I suspect that many non-binary people are experiencing the same thing as GC women, in that they don't "feel" they have a gender identity/identify strongly with gender stereotypes.
But instead of extrapolating that as a common experience shared by the majority of people who are not trans (or everyone) they are working within the mental framework they have been taught by their friends/stonewalled schools/social media. That everyone has a gender identity so if they don't experience one then they must have an extra special hard to feel one like non-binary.
It's interesting that it a (mis) understanding or reinterpretation of how other people experience the world that could define someone rather than their own lived experience (of say being gender non conforming) that impacts how they perceive themselves.

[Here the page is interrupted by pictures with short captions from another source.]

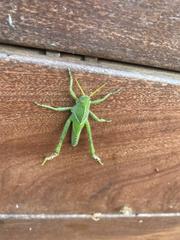 Acanthacris ruficornis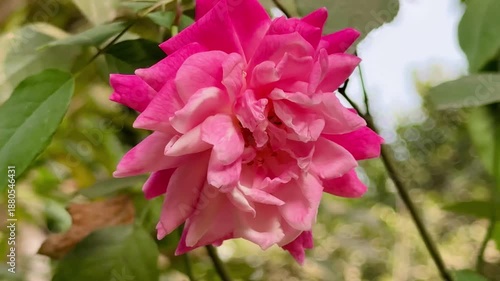 Pink Rose Blooming on Plant | Garden Flower Scenery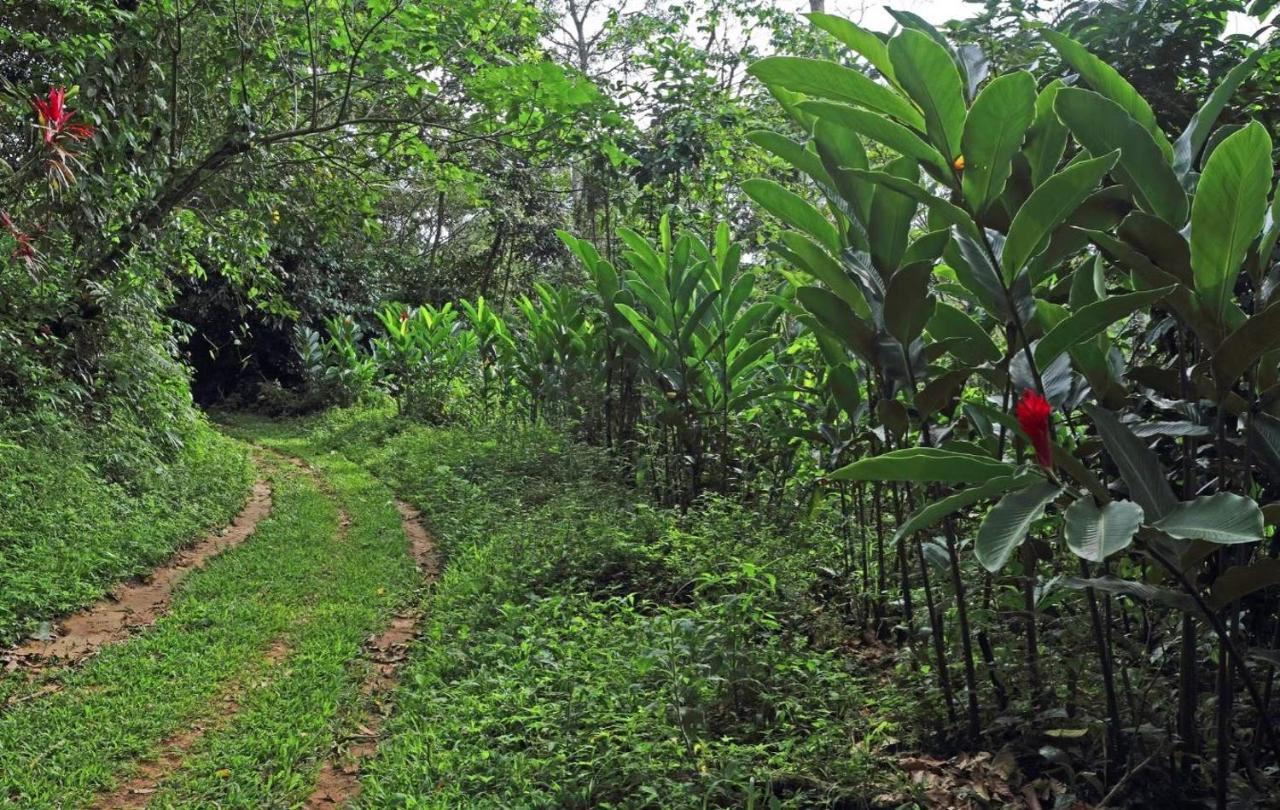 Argovia Finca Resort Tapachula Exterior foto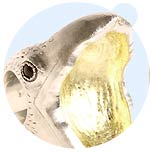 Zoe Kendall SS09 Unisex art-jewellery designer Zoe Kendrall invites to a 'Voyage To The ‘Dead Deep’, if you dare…' at the London Jewellery Week. In cooperation with illustrator Ted Pearce and the jewellery store Kabiri, Zoe is working on the presentation of an alternative vision for the future of jewellery, art and our globe!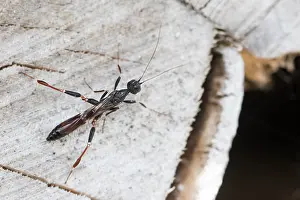 Bilder Datiert 8. Mai 2020: Großaufnahme eines Insekts in Deutschland.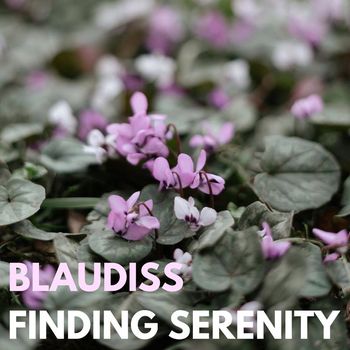 BlauDisS - Finding Serenity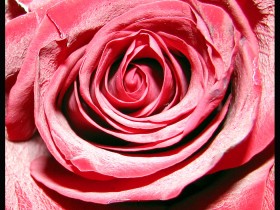 Rose_by_numbpurplehaze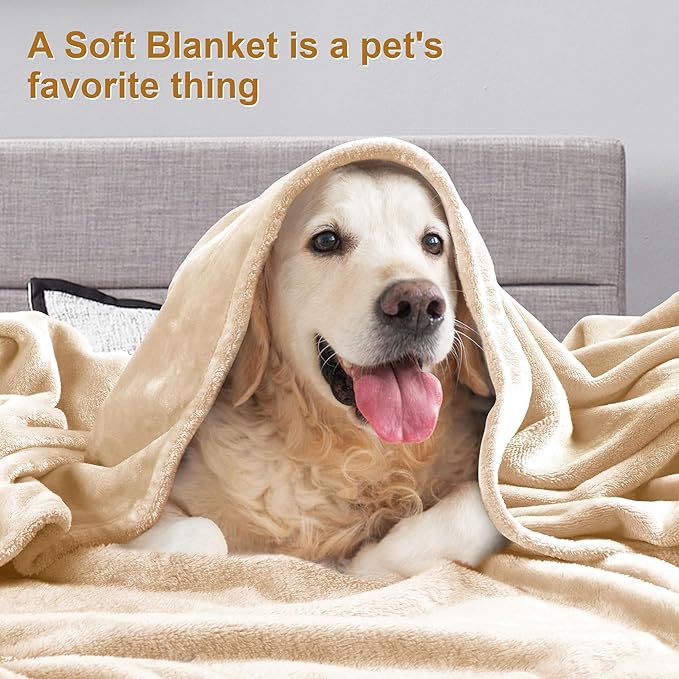 DREAMNINE Extra Large Fleece Blanket Soft Comfy Fluffy Bed Blankets King Size 90" x 108", Luxury Decorative Fuzzy Blanket for Bedroom, Big Cozy Shaggy Warm Flannel Blankets for Winter Autumn Pet,Beige
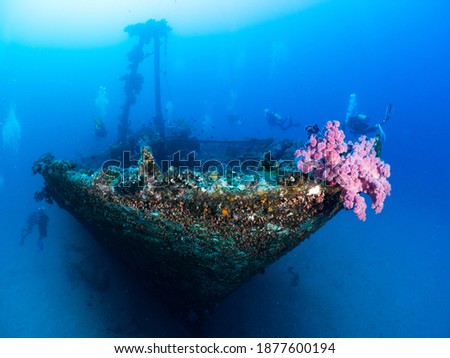Wreck diving in Mauritius , at Gunners Island divespot Royalty-Free Stock Photo #1877600194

I am finding the religious and philosophical arguments interesting to read.
The discussion about love has made me think about something I have always found interesting which is that when looking at the behaviour of animals, especially mammals the idea of interpreting them as having emotions and intelligence has often been seen as anthropomorphic/unscientific/naive.
That we ought to start from the assumption that they do not and prove each aspect such as having the same hormones etc as humans. As if animals are a completely separate thing from humans. And nature documentaries describe animals as doing things as survival/reproduction machines that react to sensory input. Like that is why the animal is doing something, rather than because they love their young but what else would the mechanism be? How else did we develop it?
We are animals too, and if you set aside idea of us being apart from the animal kingdom a la God/s then surely it shouldn't be a surprise to us that mammals at least have emotional individual experiences of the world. As indeed science continues to discover things like animals having cultures and complex social relationships.
Sorry, rambling now, but the discussion on how we experience the "outside" world and rationalise things based upon our limited sensory inputs reminded me of how we see animals from the outside rather than assume some degree of commonality with our internal experiences.